Produksi barang dan jasa secara berlebihan tidak saja menimbulkan mis-alokasi
dalam pengelolaan sumber daya ekonomi dan kemubaziran, tetapi juga menyebabkan
terkurasnya sumber daya secara cepat padahal sumber daya tersebut seringkali
jumlahnya terbatas.
2. Menemukan
kebutuhan masyarakat dan pemenuhannya, Meskipun produsen hanya menyediakan
sarana kebutuhan manusia, namun hal ini bukan berarti produsen bersifat pasif
dan reaktif terhadap kebutuhan manusia, yang mau memproduksi hanya berdasarkan
permintaan konsumen. Produsen harus mampu menjadi sosok yang kreatif, proaktif,
dan inovatif dalam menemukan barang dan jasa apa yang menjadi kebutuhan manusia
dan kemudian memenuhi kebutuhan tersebut. Penemuan ini kemudian
disosialisasikan atau dipromosikan kepada konsumen sehingga konsumen
mengetahuinya. Sebab konsumen seringkali tidak mengetahui apa yang
dibutuhkannya di masa depan, sehingga produsen harus mampu melakukan inovasi
agar konsumen mengerti bahwasanya hal tersebut telah menjadi kebutuhan dalam
hidupnya. Sebagai contoh produksi air dalam kemasan baik gelas maupun botol,
pada awalnya konsumen tidak terbiasa dengan model minuman dalam kemasan, namun
karena inovasi dan pengembangan dari produsen pada akhirnya konsumen terbiasa
dengan minuman dalam kemasan tersebut.
3. Menyiapkan
persediaan barang/jasa dimasa depan, Sikap proaktif ini juga harus berorientasi
ke depan dalam artian : pertama,
harus mampu menghasilkan barang dan jasa yang bermanfaat bagi kehidupan di masa
mendatang.
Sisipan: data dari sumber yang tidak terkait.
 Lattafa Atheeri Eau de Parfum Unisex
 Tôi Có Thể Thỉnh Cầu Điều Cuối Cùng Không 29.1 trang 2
Sehingga seorang produsen dalam kerangka islami tidak akan mau
memproduksi barang-barang yang bertentangan dengan syariat, maupun barang yang
tidak memiliki manfaat riil kepada umat. Produsen harus mampu melakukan
pengembangan produk yang dapat memberikan kemaslahatan bagi umat dimasa depan. Kedua, menyadari bahwa sumber daya
ekonomi tidak hanya diperuntukkan bagi manusia yang hidup sekarang, tetapi juga
untuk generasi mendatang. Orientasi ke depan ini akan mendorong produsen untuk
terus menerus melakukan riset dan pengembangan yang bertujuan sebagai efisiensi
dalam pengelolaan sumber daya ekonomi serta mencari teknologi produksi yang
ramah lingkungan. Implikasi dari aktivitas di atas adalah tersedianya secara
memadai berbagai kebutuhan bagi generasi mendatang, suatu konsep pembangunan
yang berkesinambungan.
4. Pemenuhan
sarana bagi kegiatan sosial dan ibadah kepada Allah, Tujuan yang terakhir yaitu
pemenuhan sarana bagi kegiatan sosial dan ibadah kepada Allah, dan inilah
tujuan produksi yang tidak akan mungkin dapat tercapai dalam ekonomi
konvensional yang bebas nilai. Tujuan produksi adalah mendapatkan berkah yang
secara fisik belum tentu dirasakan oleh produsen itu sendiri. Tujuan ini akan
membawa implikasi yang luas, sebab produksi tidak akan selalu menghasilkan
keuntungan materiil, namun harus mampu pula memberikan keuntungan bagi orang
lain dan agama. Saat ini pada sistem ekonomi konvensional berkembang pula mekanisme
corporate social responsibility (CSR)
sebagai sarana tanggung jawab sosial perusahaan kepada masyarakat. Namun,
mekanisme telah lebih dahulu terdapat dalam ekonomi Islam, dan dalam ekonomi
Islam mekanisme ini sudah built in
dengan sistem yang ada. Sehingga produsen yang islami akan mampu memaksimalkan
keuntungan materiil dan sekaligus memberikan keuntungan kepada masyarakat dan
agama.[3]
C.
Motivasi
produsen dalam berproduksi
Motivasi merupakan satu penggerak
dari dalam hati seseorang untuk melakukan atau mencapai sesuatu tujuan. Dalam ilmu ekonomi konvensional senantiasa mengusung
maksimalisasi keuntungan sebagai motivasi utama, meskipun sangat banyak
kegiatan produktif atas dasar definisi di atas yang memiliki motivasi lain dari
hanya sekedar memaksimalkan keuntungan. Motivasi untuk maksimalisasi kepuasan
dan maksimalisasi keuntungan yang menjadi pendorong utama sekaligus tujuan dari
keputusan ekonomi dalam pandangan ekonomi konvensional bukannya salah ataupun
dilarang dalam islam, tetapi islam ingin mendudukkannya pada posisi yang benar,
yakni semua itu dalam rangka maksimalisasi kepuasan dan keuntungan di akhirat.[4]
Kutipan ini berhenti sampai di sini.